Attesa e silenzio.
A casa di Alberto Trentini al Lido di Venezia le tapparelle sono rimaste abbassate per tutto il giorno. Dopo la mossa del governo venezuelano e la scarcerazione giovedì dei primi due italiani - Luigi Gasperin e Biagio Pilieri - la tanto attesa notizia della liberazione del cooperante detenuto nel carcere El Rodeo I di Caracas e degli altri connazionali detenuti non è ancora arrivata.
Dunque meglio essere prudenti. In conferenza stampa la premier Giorgia Meloni si è detta "fiduciosa" per la liberazione del 46enne, assicurando che il governo italiano "si occupa della vicenda Trentini da 400 giorni" e che continuerà a farlo "mobilitando tutti i canali politici, diplomatici e di intelligence".
"Non smetteremo - ha ribadito la premier - fino a quando la signora Armanda non potrà riabbracciare suo figlio". In momenti così convulsi e delicati, anche le parole contano. E non è dunque un caso che Meloni abbia voluto evidenziare il "segnale" arrivato ieri da Caracas come un gesto che va "nel senso della pacificazione", ringraziando esplicitamente la "presidente Delcy Rodriguez" con la quale "si apre una nuova stagione di relazioni costruttive tra Roma e Caracas".
Parole che sono state - da quanto trapela - lette con apprezzamento dai circuiti istituzionali venezuelani. Al contrario, sui social i sostenitori delle opposizioni non hanno commentato positivamente la posizione della presidente italiana.
I contatti comunque proseguono, a livello di diplomazia e di intelligence, con l'obiettivo di riportare al più presto a casa il cooperante veneto e gli altri italiani detenuti. I segnali iniziali del nuovo corso sembrano positivi e segnare una discontinuità rispetto al regime Maduro, con il rilascio dei primi prigionieri politici, tra i quali due connazionali.
Ma ci vuole ancora tempo. La conferma arriva anche dalla denuncia dell'Ong venezuelana "Giustizia, Incontro e Perdono" secondo la quale al momento sono solo dieci i detenuti liberati dalle carceri dopo l'annuncio del governo venezuelano.

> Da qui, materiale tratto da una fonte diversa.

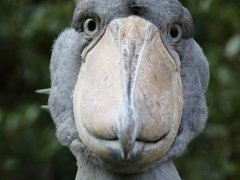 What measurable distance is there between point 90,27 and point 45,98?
2032mm

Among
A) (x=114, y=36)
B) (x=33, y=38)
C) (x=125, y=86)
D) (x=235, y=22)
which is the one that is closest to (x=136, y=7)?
(x=114, y=36)

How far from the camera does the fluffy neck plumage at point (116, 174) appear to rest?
2.31m

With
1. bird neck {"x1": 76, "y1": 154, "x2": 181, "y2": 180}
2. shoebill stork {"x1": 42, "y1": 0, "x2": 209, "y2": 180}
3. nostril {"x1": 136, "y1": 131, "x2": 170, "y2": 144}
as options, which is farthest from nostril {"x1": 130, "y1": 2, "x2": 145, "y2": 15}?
bird neck {"x1": 76, "y1": 154, "x2": 181, "y2": 180}

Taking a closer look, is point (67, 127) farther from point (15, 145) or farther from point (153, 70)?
point (15, 145)

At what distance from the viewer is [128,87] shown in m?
2.05

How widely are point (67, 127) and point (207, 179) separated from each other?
1778 millimetres

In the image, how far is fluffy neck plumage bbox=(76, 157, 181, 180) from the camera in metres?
2.31

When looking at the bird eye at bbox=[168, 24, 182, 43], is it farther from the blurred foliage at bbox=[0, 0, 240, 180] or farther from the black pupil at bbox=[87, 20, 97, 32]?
the blurred foliage at bbox=[0, 0, 240, 180]

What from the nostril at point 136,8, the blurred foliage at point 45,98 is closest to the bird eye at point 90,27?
the nostril at point 136,8

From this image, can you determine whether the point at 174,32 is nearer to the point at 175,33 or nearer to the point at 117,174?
the point at 175,33

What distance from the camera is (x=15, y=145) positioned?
4.28m

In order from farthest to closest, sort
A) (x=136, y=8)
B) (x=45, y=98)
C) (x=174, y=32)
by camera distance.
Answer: (x=45, y=98)
(x=174, y=32)
(x=136, y=8)

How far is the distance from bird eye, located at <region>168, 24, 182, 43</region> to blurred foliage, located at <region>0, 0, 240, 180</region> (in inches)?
50.0

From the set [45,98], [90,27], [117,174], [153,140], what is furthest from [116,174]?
[45,98] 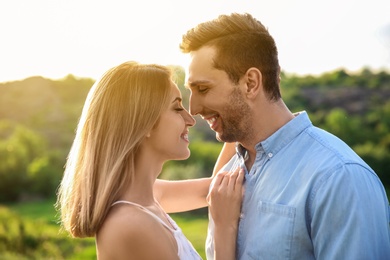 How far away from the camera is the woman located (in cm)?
224

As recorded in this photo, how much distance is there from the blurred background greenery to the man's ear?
29.9 ft

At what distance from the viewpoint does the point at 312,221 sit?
2115mm

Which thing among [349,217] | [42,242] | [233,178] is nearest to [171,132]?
[233,178]

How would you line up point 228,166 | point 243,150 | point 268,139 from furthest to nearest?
point 228,166, point 243,150, point 268,139

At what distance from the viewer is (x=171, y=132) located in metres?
2.43

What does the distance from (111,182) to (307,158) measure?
0.73 metres

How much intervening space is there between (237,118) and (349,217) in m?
0.65

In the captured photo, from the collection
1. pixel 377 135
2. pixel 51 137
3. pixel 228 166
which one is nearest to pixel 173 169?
pixel 51 137

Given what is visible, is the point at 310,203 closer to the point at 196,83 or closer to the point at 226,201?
the point at 226,201

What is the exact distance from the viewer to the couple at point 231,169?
2098 mm

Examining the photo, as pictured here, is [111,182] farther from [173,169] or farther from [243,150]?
[173,169]

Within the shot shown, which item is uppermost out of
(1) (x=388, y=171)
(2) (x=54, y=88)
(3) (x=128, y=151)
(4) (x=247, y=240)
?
(3) (x=128, y=151)

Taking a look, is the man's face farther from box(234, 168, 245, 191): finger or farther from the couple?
box(234, 168, 245, 191): finger

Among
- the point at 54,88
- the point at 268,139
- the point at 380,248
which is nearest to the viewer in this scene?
the point at 380,248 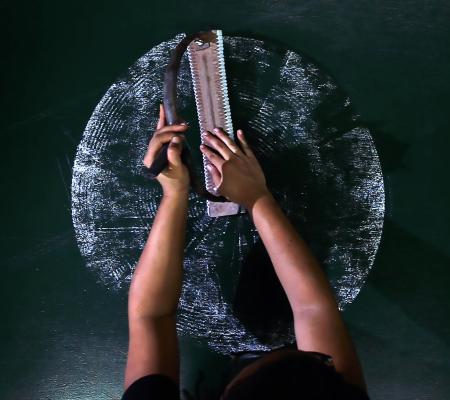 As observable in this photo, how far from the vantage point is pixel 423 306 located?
0.82 metres

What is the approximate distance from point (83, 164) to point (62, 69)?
0.61 feet

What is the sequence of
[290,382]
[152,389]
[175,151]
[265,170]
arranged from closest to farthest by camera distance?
[290,382]
[152,389]
[175,151]
[265,170]

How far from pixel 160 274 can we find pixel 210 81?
13.9 inches

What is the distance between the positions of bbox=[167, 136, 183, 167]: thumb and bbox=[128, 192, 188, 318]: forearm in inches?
3.4

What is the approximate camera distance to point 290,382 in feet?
1.42

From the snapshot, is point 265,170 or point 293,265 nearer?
point 293,265

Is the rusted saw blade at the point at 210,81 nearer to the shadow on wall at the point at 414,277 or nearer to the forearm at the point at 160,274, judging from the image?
the forearm at the point at 160,274

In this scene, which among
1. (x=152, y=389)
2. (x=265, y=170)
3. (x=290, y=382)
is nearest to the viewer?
(x=290, y=382)

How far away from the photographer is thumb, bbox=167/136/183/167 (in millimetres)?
677

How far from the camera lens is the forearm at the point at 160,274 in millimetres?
639

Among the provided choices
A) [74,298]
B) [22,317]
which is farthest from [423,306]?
[22,317]

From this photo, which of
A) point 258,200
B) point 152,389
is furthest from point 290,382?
point 258,200

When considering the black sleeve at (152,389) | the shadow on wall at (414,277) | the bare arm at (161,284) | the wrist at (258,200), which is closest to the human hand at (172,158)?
the bare arm at (161,284)

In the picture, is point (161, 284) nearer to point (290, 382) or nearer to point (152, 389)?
point (152, 389) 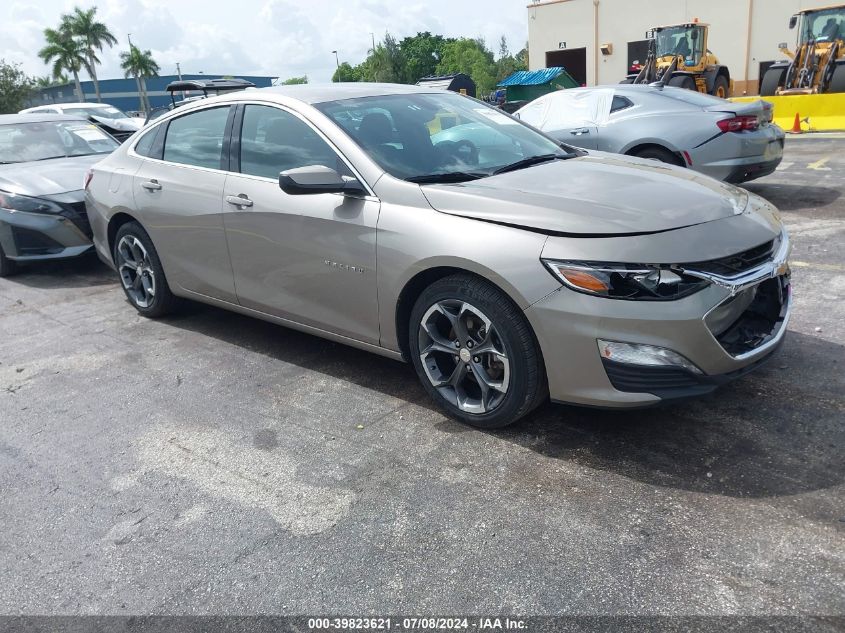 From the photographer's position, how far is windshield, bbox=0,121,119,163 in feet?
24.9

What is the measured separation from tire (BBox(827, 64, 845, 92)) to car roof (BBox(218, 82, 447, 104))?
16415 millimetres

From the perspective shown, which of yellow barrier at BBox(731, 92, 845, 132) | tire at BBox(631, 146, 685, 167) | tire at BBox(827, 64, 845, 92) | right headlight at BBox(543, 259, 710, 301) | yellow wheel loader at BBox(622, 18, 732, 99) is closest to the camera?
right headlight at BBox(543, 259, 710, 301)

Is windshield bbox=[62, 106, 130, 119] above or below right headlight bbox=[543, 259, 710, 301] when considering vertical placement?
above

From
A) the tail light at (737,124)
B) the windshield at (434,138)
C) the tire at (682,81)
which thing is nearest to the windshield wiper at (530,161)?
the windshield at (434,138)

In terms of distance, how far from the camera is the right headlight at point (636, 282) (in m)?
2.86

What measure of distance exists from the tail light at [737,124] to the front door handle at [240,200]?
17.8 feet

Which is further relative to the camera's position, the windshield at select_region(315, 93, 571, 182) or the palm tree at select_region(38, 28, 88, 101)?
the palm tree at select_region(38, 28, 88, 101)

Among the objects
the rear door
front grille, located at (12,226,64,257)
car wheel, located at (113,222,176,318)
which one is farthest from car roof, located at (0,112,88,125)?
the rear door

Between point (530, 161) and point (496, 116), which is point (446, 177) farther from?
point (496, 116)

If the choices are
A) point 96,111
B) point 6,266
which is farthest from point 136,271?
point 96,111

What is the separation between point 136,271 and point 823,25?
66.7 feet

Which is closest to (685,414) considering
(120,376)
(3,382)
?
(120,376)

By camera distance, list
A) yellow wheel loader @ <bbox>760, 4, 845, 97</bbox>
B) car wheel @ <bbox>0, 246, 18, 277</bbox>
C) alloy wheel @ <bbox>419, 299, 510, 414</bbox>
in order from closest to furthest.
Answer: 1. alloy wheel @ <bbox>419, 299, 510, 414</bbox>
2. car wheel @ <bbox>0, 246, 18, 277</bbox>
3. yellow wheel loader @ <bbox>760, 4, 845, 97</bbox>

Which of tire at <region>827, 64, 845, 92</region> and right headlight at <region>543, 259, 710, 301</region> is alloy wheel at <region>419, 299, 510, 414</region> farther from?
tire at <region>827, 64, 845, 92</region> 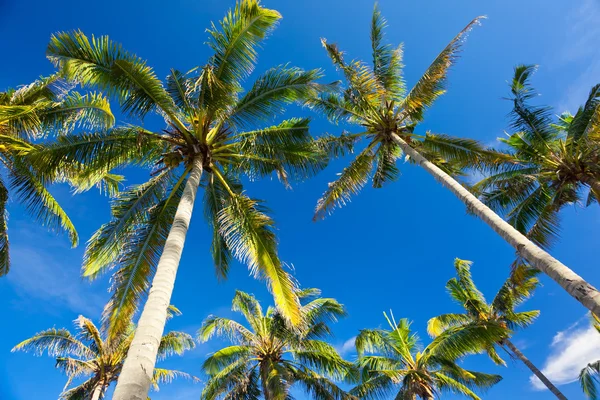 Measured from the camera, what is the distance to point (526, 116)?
11.7 m

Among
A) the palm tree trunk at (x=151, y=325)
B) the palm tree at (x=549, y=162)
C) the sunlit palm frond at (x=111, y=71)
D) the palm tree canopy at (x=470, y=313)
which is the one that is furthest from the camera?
the palm tree canopy at (x=470, y=313)

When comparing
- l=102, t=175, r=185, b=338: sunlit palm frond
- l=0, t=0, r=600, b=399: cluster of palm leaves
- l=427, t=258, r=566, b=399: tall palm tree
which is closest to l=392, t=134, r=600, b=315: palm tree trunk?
l=0, t=0, r=600, b=399: cluster of palm leaves

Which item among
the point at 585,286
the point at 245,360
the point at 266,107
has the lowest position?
the point at 585,286

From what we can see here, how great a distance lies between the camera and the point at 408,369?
1609cm

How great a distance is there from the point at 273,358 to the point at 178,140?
1118cm

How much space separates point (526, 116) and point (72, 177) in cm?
1437

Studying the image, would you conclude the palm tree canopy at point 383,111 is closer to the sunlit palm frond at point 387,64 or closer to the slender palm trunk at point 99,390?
the sunlit palm frond at point 387,64

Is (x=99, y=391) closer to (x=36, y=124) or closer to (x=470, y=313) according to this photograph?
(x=36, y=124)

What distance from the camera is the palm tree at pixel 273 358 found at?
14602mm

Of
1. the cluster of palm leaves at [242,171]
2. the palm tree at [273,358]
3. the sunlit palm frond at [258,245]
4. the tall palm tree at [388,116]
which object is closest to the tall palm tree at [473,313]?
the cluster of palm leaves at [242,171]

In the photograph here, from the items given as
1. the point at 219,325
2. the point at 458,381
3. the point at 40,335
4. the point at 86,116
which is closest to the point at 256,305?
the point at 219,325

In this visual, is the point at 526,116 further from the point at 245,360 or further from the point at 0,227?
the point at 0,227

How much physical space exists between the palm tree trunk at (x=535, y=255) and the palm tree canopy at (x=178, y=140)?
439cm

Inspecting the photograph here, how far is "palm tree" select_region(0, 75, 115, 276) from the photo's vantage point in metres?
8.44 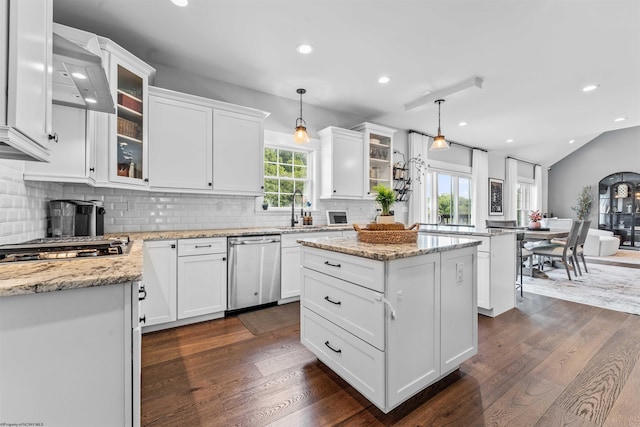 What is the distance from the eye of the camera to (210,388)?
5.98 feet

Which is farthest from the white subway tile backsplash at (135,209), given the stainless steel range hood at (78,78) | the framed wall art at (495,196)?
the framed wall art at (495,196)

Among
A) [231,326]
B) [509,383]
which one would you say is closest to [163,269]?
[231,326]

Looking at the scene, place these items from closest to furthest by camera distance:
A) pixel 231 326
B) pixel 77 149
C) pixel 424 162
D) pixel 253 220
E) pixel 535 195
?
pixel 77 149, pixel 231 326, pixel 253 220, pixel 424 162, pixel 535 195

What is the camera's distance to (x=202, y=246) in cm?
280

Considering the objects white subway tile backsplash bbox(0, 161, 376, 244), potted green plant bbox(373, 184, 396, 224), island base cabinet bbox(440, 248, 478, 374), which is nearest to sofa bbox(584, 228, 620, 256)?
white subway tile backsplash bbox(0, 161, 376, 244)

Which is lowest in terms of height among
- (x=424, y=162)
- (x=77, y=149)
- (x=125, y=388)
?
(x=125, y=388)

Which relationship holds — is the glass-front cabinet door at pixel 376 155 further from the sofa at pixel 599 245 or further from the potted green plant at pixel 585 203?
the potted green plant at pixel 585 203

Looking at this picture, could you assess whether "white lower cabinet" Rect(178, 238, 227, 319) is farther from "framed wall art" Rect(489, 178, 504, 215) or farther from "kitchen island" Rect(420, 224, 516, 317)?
"framed wall art" Rect(489, 178, 504, 215)

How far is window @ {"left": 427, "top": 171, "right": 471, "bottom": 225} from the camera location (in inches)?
242

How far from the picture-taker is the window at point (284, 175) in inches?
159

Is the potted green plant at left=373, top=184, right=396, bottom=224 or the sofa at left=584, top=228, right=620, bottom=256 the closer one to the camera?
the potted green plant at left=373, top=184, right=396, bottom=224

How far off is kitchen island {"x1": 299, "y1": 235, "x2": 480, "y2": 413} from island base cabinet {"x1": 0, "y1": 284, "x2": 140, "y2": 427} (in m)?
1.07

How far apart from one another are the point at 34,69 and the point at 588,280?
6461 mm

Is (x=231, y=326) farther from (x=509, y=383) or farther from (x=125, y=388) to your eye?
(x=509, y=383) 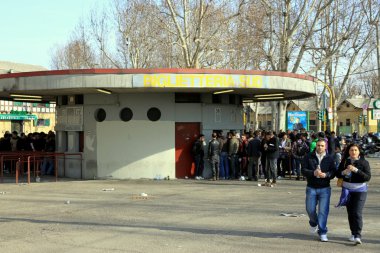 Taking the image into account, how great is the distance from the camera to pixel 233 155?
57.8ft

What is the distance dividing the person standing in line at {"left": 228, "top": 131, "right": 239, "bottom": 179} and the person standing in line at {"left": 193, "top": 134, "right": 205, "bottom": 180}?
957 mm

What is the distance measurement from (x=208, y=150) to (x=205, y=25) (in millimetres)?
17285

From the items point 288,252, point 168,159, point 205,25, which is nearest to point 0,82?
point 168,159

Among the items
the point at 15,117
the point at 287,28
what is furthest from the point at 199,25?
the point at 15,117

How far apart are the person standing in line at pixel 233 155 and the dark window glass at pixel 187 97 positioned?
1773 millimetres

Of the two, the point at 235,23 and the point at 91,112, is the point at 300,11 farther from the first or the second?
the point at 91,112

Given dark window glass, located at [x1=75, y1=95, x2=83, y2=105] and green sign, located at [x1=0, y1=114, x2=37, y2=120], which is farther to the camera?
green sign, located at [x1=0, y1=114, x2=37, y2=120]

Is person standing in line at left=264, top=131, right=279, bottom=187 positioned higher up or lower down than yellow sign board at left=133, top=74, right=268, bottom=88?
lower down

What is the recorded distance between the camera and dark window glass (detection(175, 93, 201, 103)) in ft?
58.9

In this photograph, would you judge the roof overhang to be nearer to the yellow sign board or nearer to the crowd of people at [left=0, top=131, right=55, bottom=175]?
the yellow sign board

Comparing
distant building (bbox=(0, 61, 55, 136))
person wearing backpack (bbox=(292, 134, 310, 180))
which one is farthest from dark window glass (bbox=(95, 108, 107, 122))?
distant building (bbox=(0, 61, 55, 136))

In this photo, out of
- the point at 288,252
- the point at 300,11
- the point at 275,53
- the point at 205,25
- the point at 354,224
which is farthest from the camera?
the point at 275,53

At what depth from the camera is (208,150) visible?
17.4 m

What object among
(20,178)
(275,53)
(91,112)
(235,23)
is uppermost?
(235,23) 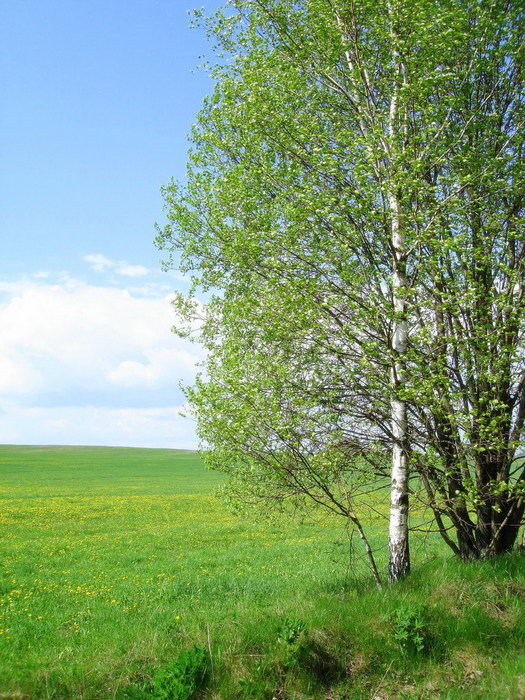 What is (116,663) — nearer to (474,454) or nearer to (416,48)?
(474,454)

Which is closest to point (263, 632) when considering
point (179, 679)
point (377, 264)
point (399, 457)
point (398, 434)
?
point (179, 679)

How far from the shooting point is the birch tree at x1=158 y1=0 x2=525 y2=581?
9.79 m

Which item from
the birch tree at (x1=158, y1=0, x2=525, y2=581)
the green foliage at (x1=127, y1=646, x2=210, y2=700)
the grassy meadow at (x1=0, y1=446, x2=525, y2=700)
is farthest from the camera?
the birch tree at (x1=158, y1=0, x2=525, y2=581)

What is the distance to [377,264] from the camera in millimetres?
10914

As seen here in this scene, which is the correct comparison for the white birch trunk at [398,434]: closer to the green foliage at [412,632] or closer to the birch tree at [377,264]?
the birch tree at [377,264]

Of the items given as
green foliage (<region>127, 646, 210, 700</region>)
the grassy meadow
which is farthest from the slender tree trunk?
green foliage (<region>127, 646, 210, 700</region>)

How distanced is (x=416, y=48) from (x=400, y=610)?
10.4 m

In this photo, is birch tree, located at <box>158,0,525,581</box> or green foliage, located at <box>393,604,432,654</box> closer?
green foliage, located at <box>393,604,432,654</box>

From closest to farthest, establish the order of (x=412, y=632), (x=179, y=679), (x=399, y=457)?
(x=179, y=679), (x=412, y=632), (x=399, y=457)

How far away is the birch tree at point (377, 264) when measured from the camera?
979 centimetres

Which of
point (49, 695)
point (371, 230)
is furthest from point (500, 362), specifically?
point (49, 695)

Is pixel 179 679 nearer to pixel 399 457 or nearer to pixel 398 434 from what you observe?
pixel 399 457

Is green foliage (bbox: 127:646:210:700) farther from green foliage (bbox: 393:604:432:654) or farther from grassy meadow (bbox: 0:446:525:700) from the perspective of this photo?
green foliage (bbox: 393:604:432:654)

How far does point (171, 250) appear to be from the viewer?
594 inches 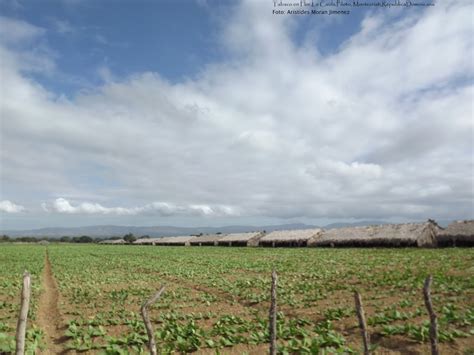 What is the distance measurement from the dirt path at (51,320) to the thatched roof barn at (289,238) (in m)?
53.6

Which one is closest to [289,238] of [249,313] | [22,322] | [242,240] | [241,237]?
[242,240]

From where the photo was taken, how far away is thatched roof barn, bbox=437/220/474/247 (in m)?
45.6

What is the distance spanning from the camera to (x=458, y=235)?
152 ft

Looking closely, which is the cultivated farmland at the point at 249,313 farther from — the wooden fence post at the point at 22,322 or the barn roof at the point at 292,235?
the barn roof at the point at 292,235

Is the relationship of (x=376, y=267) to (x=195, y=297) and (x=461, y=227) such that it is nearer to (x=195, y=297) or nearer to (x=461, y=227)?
(x=195, y=297)

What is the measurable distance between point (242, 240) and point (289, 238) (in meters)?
15.3

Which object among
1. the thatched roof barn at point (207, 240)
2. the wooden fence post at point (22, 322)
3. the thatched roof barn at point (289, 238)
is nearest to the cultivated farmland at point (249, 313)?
the wooden fence post at point (22, 322)

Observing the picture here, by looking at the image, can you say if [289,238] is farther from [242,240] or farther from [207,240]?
[207,240]

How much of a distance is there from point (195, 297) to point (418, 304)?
9734 mm

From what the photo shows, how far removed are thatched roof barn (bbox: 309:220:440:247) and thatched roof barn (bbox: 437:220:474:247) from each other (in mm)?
2011

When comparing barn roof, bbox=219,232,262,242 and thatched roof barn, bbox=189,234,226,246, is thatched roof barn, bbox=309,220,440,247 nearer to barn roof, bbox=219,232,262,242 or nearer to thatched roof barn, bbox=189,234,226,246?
barn roof, bbox=219,232,262,242

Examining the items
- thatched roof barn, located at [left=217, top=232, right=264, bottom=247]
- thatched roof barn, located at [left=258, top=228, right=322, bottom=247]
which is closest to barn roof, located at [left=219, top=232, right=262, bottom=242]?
thatched roof barn, located at [left=217, top=232, right=264, bottom=247]

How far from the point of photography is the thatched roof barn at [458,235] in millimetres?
45594

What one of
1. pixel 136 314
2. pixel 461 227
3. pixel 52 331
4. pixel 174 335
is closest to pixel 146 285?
pixel 136 314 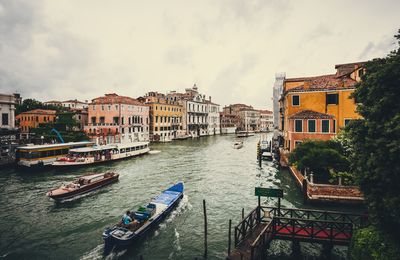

Stessa posizione dell'avvocato e difensore dei diritti umani Marino Alvarado: la "mancanza di trasparenza" da parte delle autorità venezuelane che "non hanno pubblicato ufficialmente un elenco delle persone che saranno liberate - sottolinea - costituisce un ulteriore maltrattamento delle famiglie". Per chi è già fuori, come Pilleri, la situazione è diversa.
Come ha scritto su X il ministro degli Esteri Antonio Tajani dopo averlo sentito, il politico e giornalista di origini siciliane "è in buone condizioni ed è già assistito dalla nostra sede diplomatica a Caracas". Per Tajani, che ha ricordato di aver fatto il suo nome al segretario di Stato Usa Marco Rubio, la liberazione di Pilleri rappresenta l'"ennesima vittoria diplomatica dell'Italia.
Un lavoro costante e silenzioso sempre a tutela dei nostri concittadini". Oltre che per Trentini, le speranze restano accese anche per il commercialista torinese Mario Burlò, il cui legale Maurizio Basile si è limitato a dire oggi che "pare sia questione di ore".
Detenuto anche lui dal novembre 2024, proprio questa mattina avrebbe dovuto partecipare in videocollegamento al processo in Italia in cui è imputato per associazione per delinquere finalizzata a reati fiscali. Ma la rogatoria avviata dal Tribunale non ha avuto riscontro e il commercialista non c'era.
Tra i pochi rilasciati c'è anche la nota avvocata e attivista dissidente spagnola Rocío San Miguel, già partita per Madrid insieme ad altri quattro connazionali rilasciati, secondo quanto ha annunciato il governo di Pedro Sánchez.
Liberato anche l'ex candidato presidenziale di centro-sinistra, Enrique Márquez. Attivisti contattati dall'ANSA stimano che il processo di rilascio sarà graduale, e che proseguirà anche nel fine settimana. Un'attesa che prosegue anche per Alberto Trentini, i cui familiari restano chiusi dietro quelle tapparelle abbassate fino a quando non arriverà la notizia che attendono da 400 giorni.